L’insospettabile talento delle piante. I segreti del loto

Si chiama fior di loto il fiore di una pianta acquatica originaria dell’Asia e dell’America, chiamata Nelumbo; al genere nelumbo appartengono solo due specie: nelumbo nucifera, di origine asiatica, detto anche loto sacro; e Nelumbo lutea, o loto americano. In Italia in vivaio si trovano generalmente esemplari della specie asiatica, assieme ad alcuni ibridi, che spesso sono più resistenti e vigorosi della specie botanica.
I nelumbo sono piante di grandi dimensioni. Producono un ampio piede semi legnoso, costituito da radici rizomatose, che tendono ad affondare nel terreno; dalle radici si ergono vigorosi fusti cilindrici, rigidi ed eretti, che portano grandi foglie cordate o tondeggianti, ed i grandi fiori rosati o bianchi. Le foglie del loto sono di colore verde grigiastro, e sono ricoperte da sostanze che le rendono completamente idrorepellenti; sono abbastanza coriacee, e spesso, così come i fiori, si elevano al di sopra del pelo dell’acqua, e difficilmente le si vede tutte completamente immerse o galleggianti, al contrario di quanto avviene per le ninfee. Quando il fiore appassisce, rimane per giorni sul fusto rigido un ampio baccello, che con il passare dei giorni diviene legnoso, a forma di imbuto, che viene spesso utilizzato, disseccato, nelle composizioni floreali. Queste piante, nonostante la loro bellezza esotica, sono di facile coltivazione, soprattutto se si dispone di un piccolo laghetto abbastanza profondo, almeno 30-40 cm; possono venire coltivati anche in ampi vasi per idroponica, o in altri contenitori, purché abbiano una buona quantità di acqua e di spazio. Sono piante resistenti e vigorose, che non temono il gelo, fino a che restano in acqua non ghiacciata; se viviamo in una zona dove l’inverno è decisamente molto rigido, con gelate assai intense e prolungate, possiamo coprire il laghetto con agritessuto, oppure coltivare il nostro fiore in un vaso, da spostare al coperto in caso di gelo intenso; in ogni caso, se l’acqua non è completamente ghiacciata, possono rimanere all’aperto anche in caso di sporadiche e lievi gelate. In Italia esiste un enorme laghetto di fiori di loto nello spettacolare giardino di Villa Taranto, a Verbania, dove gli inverni non sono sicuramente miti, seppur riscaldati dalla vicinanza del lago.

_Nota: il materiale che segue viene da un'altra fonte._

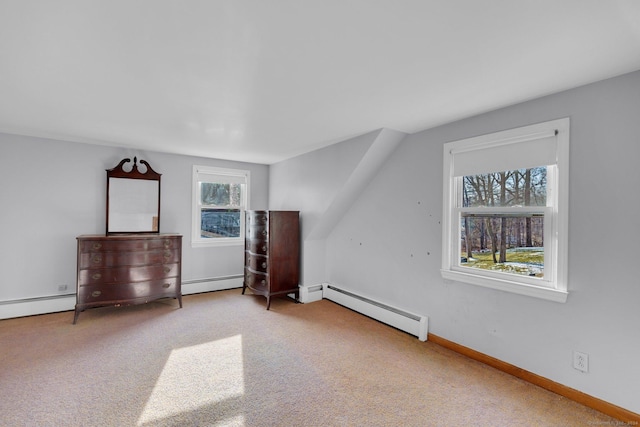 bonus room with carpet flooring, a healthy amount of sunlight, and baseboard heating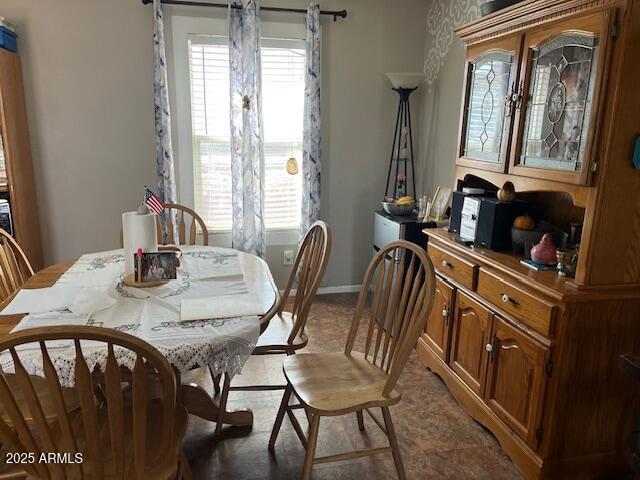 dining space with a wealth of natural light and baseboards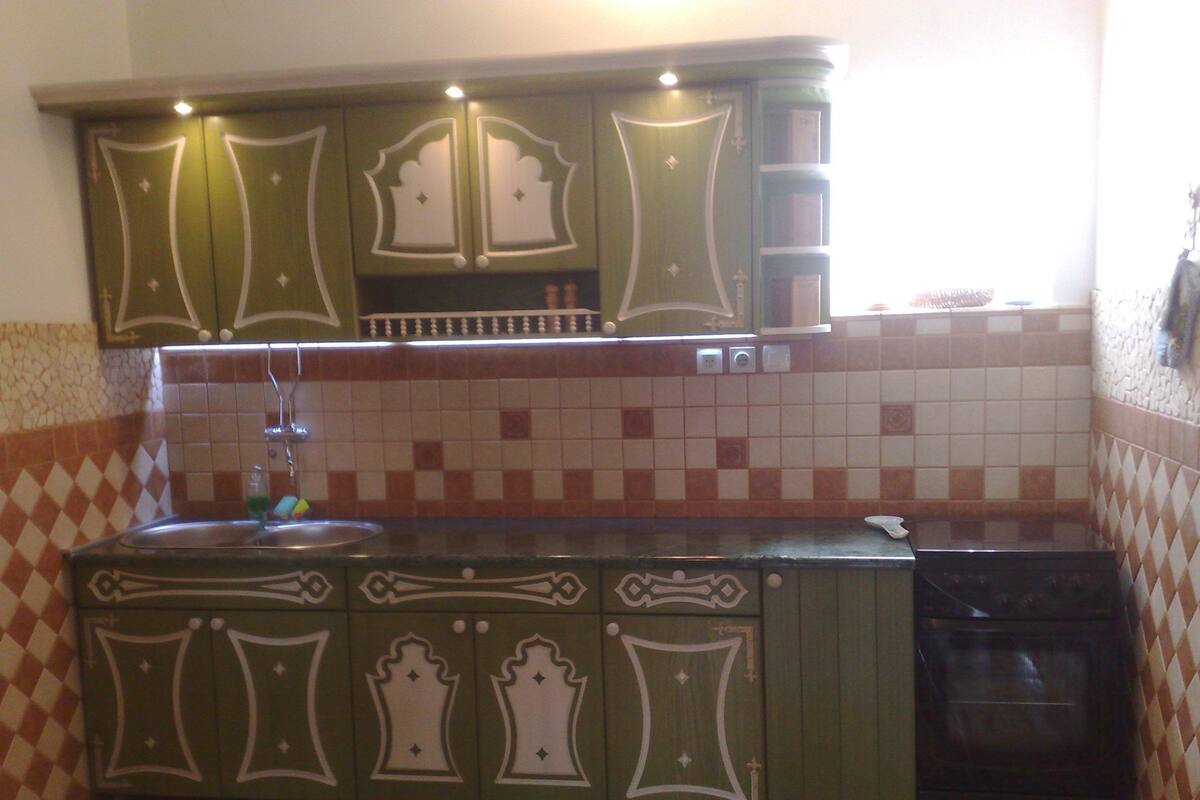 Una cocina con gabinetes verdes, salpicadero de azulejos y lavavajillas.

I tuberi semi legnosi vanno interrati sul fondo del laghetto; per fare ciò muniamoci di un vaso grigliato, posizioniamoci il tubero, con il germoglio in alto, e copriamo tutto il tubero con un composto sufficientemente compatto, in modo che rimanga in posizione una volta affondato il vaso nell’acqua. Se vogliamo porre a dimora il loto in un grande vaso, posizioniamo il tubero sul fondo, e quindi copriamo con terriccio apposito per piante acquatiche, fino a raggiungere la base del germoglio, che andrà lasciata al di fuori del terreno. Quindi copriamo completamente con l’acqua, oppure poniamo il vaso ancorato sul fondo del nostro laghetto. Se possediamo un piccolo laghetto in giardino, evitiamo di porre a dimora il loto al di fuori di un vaso, perché tende con il tempo a divenire invasivo, e la presenza del vaso ci aiuterà a mantenere il tubero compatto nel corso degli anni.

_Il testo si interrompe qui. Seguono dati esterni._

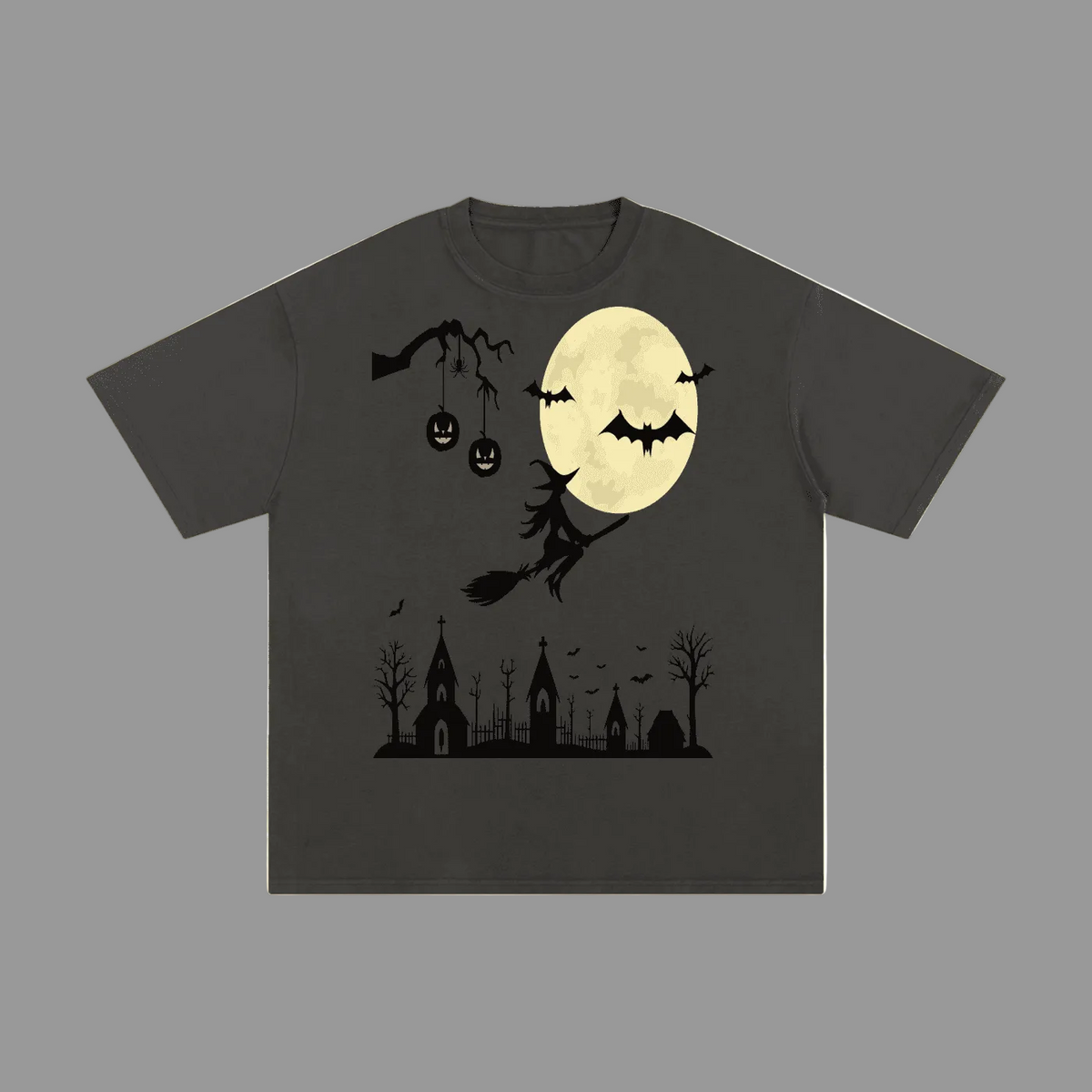 A dark charcoal gray short-sleeve t-shirt with a Halloween graphic print featuring a full moon, bats, a witch on a broomstick, jack-o'-lanterns, and a cemetery silhouette.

Queste piante non necessitano di ulteriori cure, se non periodiche fertilizzazioni con concimi specifici per piante acquatiche.

Ma oltre ad un semplice valore ornamentale, che nelle culture orientali occupa un posto di particolare riguardo, alcune industrie, stanno studiando in laboratorio le caratteristiche che rendono le sue foglie assolutamente impermeabili. Lo scopo è arrivare a imitarne la struttura, per produrre vernici e materiali idrorepellenti.